-------- SUPPLIED DATA

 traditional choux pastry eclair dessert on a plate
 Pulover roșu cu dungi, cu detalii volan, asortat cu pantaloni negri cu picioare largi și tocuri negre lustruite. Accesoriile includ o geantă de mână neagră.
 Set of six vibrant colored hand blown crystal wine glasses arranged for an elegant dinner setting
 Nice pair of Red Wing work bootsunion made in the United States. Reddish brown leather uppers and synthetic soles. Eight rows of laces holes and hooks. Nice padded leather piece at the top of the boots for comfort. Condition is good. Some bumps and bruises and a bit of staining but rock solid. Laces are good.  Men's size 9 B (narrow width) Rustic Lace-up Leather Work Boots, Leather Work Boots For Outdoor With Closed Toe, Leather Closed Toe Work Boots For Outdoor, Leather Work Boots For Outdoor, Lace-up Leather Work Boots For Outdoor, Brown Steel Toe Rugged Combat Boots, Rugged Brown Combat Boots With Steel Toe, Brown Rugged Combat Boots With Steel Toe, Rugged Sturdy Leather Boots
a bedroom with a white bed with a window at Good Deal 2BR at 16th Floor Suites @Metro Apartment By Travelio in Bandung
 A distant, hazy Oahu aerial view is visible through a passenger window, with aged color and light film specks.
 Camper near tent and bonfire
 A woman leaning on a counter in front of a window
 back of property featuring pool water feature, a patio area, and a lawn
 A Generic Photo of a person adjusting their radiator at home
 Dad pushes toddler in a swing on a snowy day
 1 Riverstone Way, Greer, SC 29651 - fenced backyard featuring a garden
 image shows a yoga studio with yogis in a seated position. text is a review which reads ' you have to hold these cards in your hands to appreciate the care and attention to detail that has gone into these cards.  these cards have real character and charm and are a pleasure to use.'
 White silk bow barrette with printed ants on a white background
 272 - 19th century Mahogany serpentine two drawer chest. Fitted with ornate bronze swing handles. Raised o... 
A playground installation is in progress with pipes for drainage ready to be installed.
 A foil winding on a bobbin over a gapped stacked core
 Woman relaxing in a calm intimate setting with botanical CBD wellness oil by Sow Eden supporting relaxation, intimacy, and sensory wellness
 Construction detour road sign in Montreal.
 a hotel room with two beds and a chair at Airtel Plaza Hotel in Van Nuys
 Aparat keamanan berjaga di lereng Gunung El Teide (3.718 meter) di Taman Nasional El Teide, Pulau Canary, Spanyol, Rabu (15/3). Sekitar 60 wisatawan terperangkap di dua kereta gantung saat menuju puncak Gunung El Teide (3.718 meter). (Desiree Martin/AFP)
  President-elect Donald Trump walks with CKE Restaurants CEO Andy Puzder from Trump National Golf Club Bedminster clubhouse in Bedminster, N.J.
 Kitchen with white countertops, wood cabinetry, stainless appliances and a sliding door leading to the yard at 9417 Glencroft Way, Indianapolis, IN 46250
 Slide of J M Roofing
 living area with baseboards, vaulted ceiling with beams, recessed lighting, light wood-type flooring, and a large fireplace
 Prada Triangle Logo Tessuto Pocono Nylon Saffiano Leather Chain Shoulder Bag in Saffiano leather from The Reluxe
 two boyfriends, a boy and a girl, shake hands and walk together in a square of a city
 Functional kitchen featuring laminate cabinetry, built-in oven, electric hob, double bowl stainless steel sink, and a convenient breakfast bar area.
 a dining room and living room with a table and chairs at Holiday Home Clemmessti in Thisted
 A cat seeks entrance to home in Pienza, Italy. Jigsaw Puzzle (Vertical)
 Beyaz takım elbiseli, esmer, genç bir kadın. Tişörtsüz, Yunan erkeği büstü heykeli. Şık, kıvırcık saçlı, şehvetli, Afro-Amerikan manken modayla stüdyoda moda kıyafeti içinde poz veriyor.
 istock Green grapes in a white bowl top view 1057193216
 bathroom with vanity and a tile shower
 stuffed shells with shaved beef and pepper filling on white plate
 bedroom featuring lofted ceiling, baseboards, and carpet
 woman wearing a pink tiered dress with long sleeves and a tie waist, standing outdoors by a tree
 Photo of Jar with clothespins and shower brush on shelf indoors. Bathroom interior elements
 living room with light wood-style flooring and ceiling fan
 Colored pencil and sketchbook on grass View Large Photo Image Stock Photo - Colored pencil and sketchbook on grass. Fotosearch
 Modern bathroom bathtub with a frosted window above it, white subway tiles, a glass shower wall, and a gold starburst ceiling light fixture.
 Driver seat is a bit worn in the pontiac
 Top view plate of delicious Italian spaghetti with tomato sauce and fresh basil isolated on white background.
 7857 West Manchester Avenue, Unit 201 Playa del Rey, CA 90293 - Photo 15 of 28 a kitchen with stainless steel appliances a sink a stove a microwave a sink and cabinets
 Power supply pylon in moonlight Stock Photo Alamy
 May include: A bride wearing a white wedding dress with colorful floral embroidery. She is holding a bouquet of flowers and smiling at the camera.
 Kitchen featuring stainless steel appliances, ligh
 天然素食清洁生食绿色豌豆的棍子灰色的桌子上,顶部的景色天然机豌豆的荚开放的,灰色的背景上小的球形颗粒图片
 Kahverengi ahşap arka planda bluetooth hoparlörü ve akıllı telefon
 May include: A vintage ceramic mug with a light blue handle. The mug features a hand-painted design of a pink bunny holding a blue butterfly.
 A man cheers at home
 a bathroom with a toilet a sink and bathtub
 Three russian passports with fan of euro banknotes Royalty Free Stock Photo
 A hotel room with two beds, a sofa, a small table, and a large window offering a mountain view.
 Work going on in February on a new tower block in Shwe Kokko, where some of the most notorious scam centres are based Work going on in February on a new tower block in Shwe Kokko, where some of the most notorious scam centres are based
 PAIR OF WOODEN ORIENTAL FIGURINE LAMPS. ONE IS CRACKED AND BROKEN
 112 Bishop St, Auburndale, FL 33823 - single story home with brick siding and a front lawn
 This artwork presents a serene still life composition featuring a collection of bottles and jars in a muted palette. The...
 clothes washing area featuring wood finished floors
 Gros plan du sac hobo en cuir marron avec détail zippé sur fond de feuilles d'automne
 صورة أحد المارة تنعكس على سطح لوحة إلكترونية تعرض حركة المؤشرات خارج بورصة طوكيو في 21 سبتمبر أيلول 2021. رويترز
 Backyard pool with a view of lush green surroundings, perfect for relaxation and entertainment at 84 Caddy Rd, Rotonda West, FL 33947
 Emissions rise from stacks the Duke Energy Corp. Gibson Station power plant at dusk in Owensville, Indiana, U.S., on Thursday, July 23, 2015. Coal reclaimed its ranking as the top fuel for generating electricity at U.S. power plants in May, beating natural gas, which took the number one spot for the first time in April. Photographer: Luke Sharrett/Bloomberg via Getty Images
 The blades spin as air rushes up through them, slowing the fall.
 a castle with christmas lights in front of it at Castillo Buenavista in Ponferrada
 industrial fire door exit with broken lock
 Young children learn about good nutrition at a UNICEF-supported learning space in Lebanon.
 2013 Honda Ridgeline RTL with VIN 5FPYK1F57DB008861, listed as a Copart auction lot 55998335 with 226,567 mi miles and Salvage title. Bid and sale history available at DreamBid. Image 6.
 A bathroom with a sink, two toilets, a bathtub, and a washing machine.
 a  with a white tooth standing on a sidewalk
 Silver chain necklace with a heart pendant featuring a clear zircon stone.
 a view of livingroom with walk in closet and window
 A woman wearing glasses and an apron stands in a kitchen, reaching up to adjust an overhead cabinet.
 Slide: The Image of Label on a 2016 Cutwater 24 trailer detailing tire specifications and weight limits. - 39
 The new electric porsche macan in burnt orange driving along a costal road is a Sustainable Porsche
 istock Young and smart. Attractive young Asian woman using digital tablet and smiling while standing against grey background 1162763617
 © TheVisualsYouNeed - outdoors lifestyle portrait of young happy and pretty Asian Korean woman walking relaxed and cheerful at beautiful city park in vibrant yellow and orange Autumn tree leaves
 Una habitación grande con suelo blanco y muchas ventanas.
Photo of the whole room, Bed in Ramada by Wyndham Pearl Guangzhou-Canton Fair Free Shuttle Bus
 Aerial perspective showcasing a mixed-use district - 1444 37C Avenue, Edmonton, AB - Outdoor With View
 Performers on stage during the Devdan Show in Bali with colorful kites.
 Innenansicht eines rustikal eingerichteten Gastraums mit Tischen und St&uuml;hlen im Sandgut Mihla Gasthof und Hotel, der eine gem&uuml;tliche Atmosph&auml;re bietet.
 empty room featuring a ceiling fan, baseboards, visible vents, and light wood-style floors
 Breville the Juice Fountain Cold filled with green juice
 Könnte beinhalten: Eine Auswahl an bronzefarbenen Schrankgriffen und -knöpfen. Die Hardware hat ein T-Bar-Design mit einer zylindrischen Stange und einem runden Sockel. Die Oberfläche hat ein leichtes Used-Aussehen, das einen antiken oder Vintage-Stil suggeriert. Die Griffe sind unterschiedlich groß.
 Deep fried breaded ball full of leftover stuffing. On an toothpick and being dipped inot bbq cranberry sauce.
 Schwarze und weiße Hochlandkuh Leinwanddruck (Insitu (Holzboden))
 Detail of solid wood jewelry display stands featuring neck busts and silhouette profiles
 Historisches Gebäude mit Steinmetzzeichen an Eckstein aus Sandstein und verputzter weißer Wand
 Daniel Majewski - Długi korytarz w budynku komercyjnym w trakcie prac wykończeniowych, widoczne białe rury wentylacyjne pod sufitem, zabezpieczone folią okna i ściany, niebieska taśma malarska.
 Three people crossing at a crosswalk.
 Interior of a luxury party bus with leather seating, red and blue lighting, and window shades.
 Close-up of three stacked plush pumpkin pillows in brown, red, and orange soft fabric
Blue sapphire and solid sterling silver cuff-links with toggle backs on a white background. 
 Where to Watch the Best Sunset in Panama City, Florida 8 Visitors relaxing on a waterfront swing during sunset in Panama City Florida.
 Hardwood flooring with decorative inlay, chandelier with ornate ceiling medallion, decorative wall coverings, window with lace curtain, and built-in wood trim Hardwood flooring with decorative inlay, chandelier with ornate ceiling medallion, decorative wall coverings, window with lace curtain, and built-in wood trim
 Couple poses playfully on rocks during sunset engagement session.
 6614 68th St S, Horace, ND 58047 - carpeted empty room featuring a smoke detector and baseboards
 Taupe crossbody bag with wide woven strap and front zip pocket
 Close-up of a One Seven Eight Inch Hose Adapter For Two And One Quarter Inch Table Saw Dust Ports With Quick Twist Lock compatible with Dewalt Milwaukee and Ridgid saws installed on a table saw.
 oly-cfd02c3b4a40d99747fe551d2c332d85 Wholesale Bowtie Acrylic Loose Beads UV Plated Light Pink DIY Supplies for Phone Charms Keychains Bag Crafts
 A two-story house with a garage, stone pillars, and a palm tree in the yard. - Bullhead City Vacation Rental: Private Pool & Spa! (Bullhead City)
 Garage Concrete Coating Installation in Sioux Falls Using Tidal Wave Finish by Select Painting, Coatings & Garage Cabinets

----------------

**TASK STATEMENT**
Your answer must consist solely of the lines from the top of the entries above through the line containing "A distant, hazy", copied exactly, both ends included.

**ANSWER TO THE EXERCISE**
 traditional choux pastry eclair dessert on a plate
 Pulover roșu cu dungi, cu detalii volan, asortat cu pantaloni negri cu picioare largi și tocuri negre lustruite. Accesoriile includ o geantă de mână neagră.
 Set of six vibrant colored hand blown crystal wine glasses arranged for an elegant dinner setting
 Nice pair of Red Wing work bootsunion made in the United States. Reddish brown leather uppers and synthetic soles. Eight rows of laces holes and hooks. Nice padded leather piece at the top of the boots for comfort. Condition is good. Some bumps and bruises and a bit of staining but rock solid. Laces are good.  Men's size 9 B (narrow width) Rustic Lace-up Leather Work Boots, Leather Work Boots For Outdoor With Closed Toe, Leather Closed Toe Work Boots For Outdoor, Leather Work Boots For Outdoor, Lace-up Leather Work Boots For Outdoor, Brown Steel Toe Rugged Combat Boots, Rugged Brown Combat Boots With Steel Toe, Brown Rugged Combat Boots With Steel Toe, Rugged Sturdy Leather Boots
a bedroom with a white bed with a window at Good Deal 2BR at 16th Floor Suites @Metro Apartment By Travelio in Bandung
 A distant, hazy Oahu aerial view is visible through a passenger window, with aged color and light film specks.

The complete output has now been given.